The resistence-switching mechanism within Crossbar's memory is based on the formation of a filament by the movement of silver ions from the top electrode within amorphous silicon. Source: Crossbar Inc.
Having seen all too many claims about NAND/DRAM replacements over the past 20 years that will be ready for commercialization either next year or the next 2 years or the next 3 years, I have to express amazement that people still get tens of millions of dollars for this. Stan Ovshinsky was the ultimate expert at getting all sorts of companies from Intel to Exxon to give him literally hundreds of millions of dollars over decades for multiple wild projects, very few of which ever resulted any products and even fewer resulted in earnings of any sort. I think ENER might have been that last one and they too went bankrupt.
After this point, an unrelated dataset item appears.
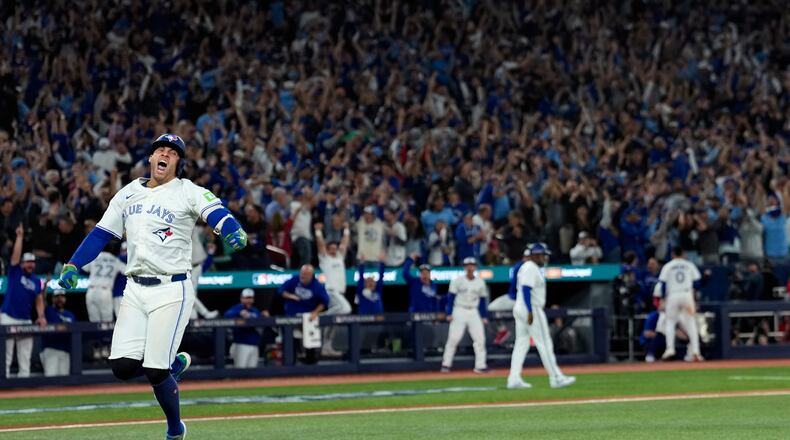 Toronto Blue Jays' George Springer reacts after hitting a three run home run against the Seattle Mariners during the seventh inning in Game 7 of baseball's American League Championship Series, Monday, Oct. 20, 2025, in Toronto. (AP Photo/David J. Phillip)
When someone talks about the magic of the private sector, I either laugh or grimace, depending on my mood at the time.
I think this is still a CBRAM, similar to the one used by Adesto. It relies on diffusing Ag. However, Adesto uses a chalcogenide rather than amorphous silicon. Amorphous silicon is highly temperature sensitive as it is still semiconducting silicon.
Silver too expensive?Not really, when you get down to sub 20nm lithographic dimensions it is more about number of atoms used than the number of ingots. The possible problems with silver are more technical than they are fiscal. Although from a fabrication point of view not much more difficult than introducing copper, now routine.
Those who wish to pursue this silver based memory must first have a firm belief than NAND/NOR will not be able to evolve enough to do the job required of it in the future. The private sector does then give them the opportunity to help underwrite a possible winner. In analogy, the secret of success for those who wish to invest time and/or effort is to separate the signal from the noise.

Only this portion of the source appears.